Ekim ayının Meme Kanseri Farkındalık Ayı olması nedeniyle ülkenin dört bir yanında tarama ve erken tanının önemine dikkat çekiliyor. Her 8 kadından 1’ini etkileyen meme kanserine yakalanan hemşire Hacer Katipoğlu, yılda bir kez doktora gidilmesi ve mamografi çekilmesinin hayat kurtardığını söyleyerek; “Sağlık sektörünün içinde olmama rağmen 6 ayda bir gitmem gereken meme kontrolümü aksattım ve birden bire mememde ceviz büyüklüğünde bir kitleyle karşılaştım” dedi.

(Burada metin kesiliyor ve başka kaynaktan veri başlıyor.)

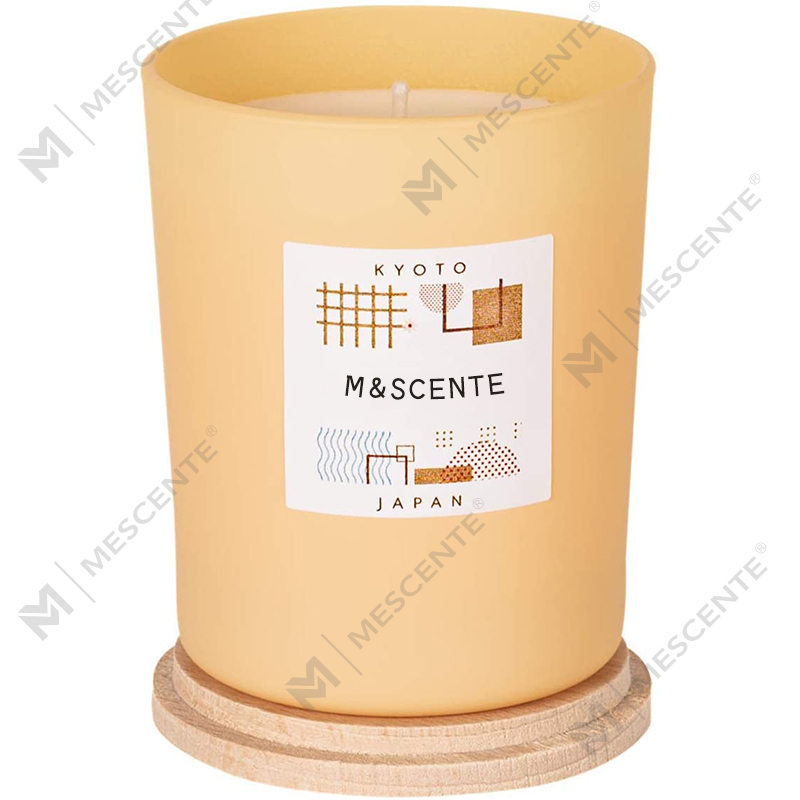 M&Scent カスタム プライベート ラベル製の色付きの香りのソイワックス シックなキャンドル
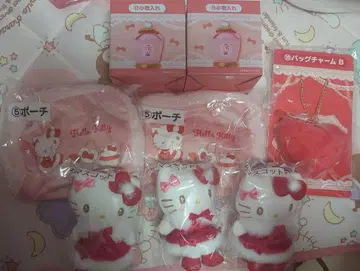 산리오 헬로키티 복권 8세트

“İLK AKLIMA GELEN ÖLÜM OLDU”
“Pembe maske takıyorum ama asıl farkındalık benim” diyerek yaşadığı hastalık sürecini anlatmaya başlayan emekli hemşire Hacer Katipoğlu 2 yıl sonra meme kanserini yenen güçlü bir kadın. Sağlıkçı olması hastalık sürecini olumlu yönde etkilese de çok zor dönemler geçirdiğini belirten emekli hemşire, hastalığını öğrendiği an aklına ölümün geldiğini söylüyor. Başından geçenleri anlatırken adeta o günleri tekrar yaşayan Hacer Katipoğlu hastalık sürecini şu sözlerle anlatıyor; “Hastalığımdan bir yıl önce mamografi çekilmiştim. Sağlık problemi olarak görülmedi fakat 6 ayda bir kontrole gitmem gerektiği söylendi. Ben bu süreci biraz ihmal ettim ve 1 yıl sonra gittim. Birdenbire ceviz büyüklüğünde olan bir kitle elime geldi ve göğsümde bir kızarıklık farkettim. Doktora gittiğimde tetkikler yapıldı ve 3.evrede kanser olduğumu öğrendim. İlk etapta ölüm aklıma geldi ve o zaman yaşı daha küçük olan oğlumu bu hayatta yalnız bırakma psikolojisi sardı. Hasta kontrolü yaparken hasta durumuna düşmek bana çok zor geldi. Eşimin, kızımın bakışlarını hiç unutmuyorum. İnsan kendine konduramıyor ki. Aldığım eğitimlerin bana çok yararı oldu. Hastalıkla barışık olmak lazım bu süreçte.”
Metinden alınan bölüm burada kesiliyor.